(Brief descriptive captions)
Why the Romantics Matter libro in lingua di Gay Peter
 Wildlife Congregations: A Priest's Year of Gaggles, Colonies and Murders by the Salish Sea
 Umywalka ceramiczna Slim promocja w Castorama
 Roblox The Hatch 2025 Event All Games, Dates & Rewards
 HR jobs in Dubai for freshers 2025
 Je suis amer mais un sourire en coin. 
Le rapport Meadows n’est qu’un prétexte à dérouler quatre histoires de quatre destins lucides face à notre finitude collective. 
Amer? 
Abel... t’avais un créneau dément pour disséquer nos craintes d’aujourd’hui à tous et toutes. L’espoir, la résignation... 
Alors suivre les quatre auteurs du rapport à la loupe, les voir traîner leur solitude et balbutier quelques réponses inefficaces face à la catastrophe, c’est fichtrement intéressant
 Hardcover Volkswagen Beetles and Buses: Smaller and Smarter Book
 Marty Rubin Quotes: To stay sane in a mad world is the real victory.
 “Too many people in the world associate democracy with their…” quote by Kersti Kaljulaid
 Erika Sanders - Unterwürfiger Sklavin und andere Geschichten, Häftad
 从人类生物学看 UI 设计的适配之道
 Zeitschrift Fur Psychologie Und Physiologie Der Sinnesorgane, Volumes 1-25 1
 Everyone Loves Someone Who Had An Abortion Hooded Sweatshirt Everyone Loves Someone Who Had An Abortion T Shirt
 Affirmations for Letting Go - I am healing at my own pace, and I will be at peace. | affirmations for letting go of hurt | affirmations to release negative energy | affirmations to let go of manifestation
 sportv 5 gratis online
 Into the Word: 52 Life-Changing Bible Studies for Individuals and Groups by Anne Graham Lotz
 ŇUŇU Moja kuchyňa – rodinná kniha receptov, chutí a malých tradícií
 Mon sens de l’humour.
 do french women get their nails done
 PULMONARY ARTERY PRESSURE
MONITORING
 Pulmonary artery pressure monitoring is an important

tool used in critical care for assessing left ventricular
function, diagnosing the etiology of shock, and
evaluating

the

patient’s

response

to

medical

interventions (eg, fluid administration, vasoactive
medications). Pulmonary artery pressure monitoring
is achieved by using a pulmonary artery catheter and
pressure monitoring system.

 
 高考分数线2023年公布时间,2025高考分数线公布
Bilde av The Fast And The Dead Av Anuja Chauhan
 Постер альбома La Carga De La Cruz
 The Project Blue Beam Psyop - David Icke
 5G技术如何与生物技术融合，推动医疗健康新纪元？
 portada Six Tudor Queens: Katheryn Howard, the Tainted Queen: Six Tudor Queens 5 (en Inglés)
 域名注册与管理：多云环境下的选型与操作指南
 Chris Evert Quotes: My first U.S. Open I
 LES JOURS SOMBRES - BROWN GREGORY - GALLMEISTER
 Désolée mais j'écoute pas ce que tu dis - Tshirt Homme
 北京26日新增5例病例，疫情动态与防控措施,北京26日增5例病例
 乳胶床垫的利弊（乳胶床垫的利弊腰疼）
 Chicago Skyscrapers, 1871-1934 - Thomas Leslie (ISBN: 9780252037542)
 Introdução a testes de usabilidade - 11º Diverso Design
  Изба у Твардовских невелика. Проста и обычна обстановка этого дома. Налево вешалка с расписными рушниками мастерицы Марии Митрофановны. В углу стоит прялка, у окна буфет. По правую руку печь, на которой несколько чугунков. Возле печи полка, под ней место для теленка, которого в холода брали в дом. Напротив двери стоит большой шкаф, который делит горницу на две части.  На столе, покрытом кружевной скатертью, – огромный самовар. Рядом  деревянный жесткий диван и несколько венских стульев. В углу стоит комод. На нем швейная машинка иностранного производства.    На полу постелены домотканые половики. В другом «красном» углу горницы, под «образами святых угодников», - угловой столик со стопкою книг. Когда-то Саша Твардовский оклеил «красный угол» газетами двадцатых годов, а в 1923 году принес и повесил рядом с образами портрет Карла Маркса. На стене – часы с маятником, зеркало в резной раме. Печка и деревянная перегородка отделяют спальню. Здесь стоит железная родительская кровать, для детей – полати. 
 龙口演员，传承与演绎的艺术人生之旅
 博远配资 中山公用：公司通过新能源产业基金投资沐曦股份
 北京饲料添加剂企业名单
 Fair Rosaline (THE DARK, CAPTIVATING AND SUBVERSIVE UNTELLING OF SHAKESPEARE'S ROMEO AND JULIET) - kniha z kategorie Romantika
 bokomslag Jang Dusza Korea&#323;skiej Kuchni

(WHAT YOU WILL DO)
Will you return exactly the lines above from the one with "function, diagnosing the" down to the one with "Introdução a testes", counting both as part of the range?

(RESPONSE)
function, diagnosing the etiology of shock, and
evaluating

the

patient’s

response

to

medical

interventions (eg, fluid administration, vasoactive
medications). Pulmonary artery pressure monitoring
is achieved by using a pulmonary artery catheter and
pressure monitoring system.

 
 高考分数线2023年公布时间,2025高考分数线公布
Bilde av The Fast And The Dead Av Anuja Chauhan
 Постер альбома La Carga De La Cruz
 The Project Blue Beam Psyop - David Icke
 5G技术如何与生物技术融合，推动医疗健康新纪元？
 portada Six Tudor Queens: Katheryn Howard, the Tainted Queen: Six Tudor Queens 5 (en Inglés)
 域名注册与管理：多云环境下的选型与操作指南
 Chris Evert Quotes: My first U.S. Open I
 LES JOURS SOMBRES - BROWN GREGORY - GALLMEISTER
 Désolée mais j'écoute pas ce que tu dis - Tshirt Homme
 北京26日新增5例病例，疫情动态与防控措施,北京26日增5例病例
 乳胶床垫的利弊（乳胶床垫的利弊腰疼）
 Chicago Skyscrapers, 1871-1934 - Thomas Leslie (ISBN: 9780252037542)
 Introdução a testes de usabilidade - 11º Diverso Design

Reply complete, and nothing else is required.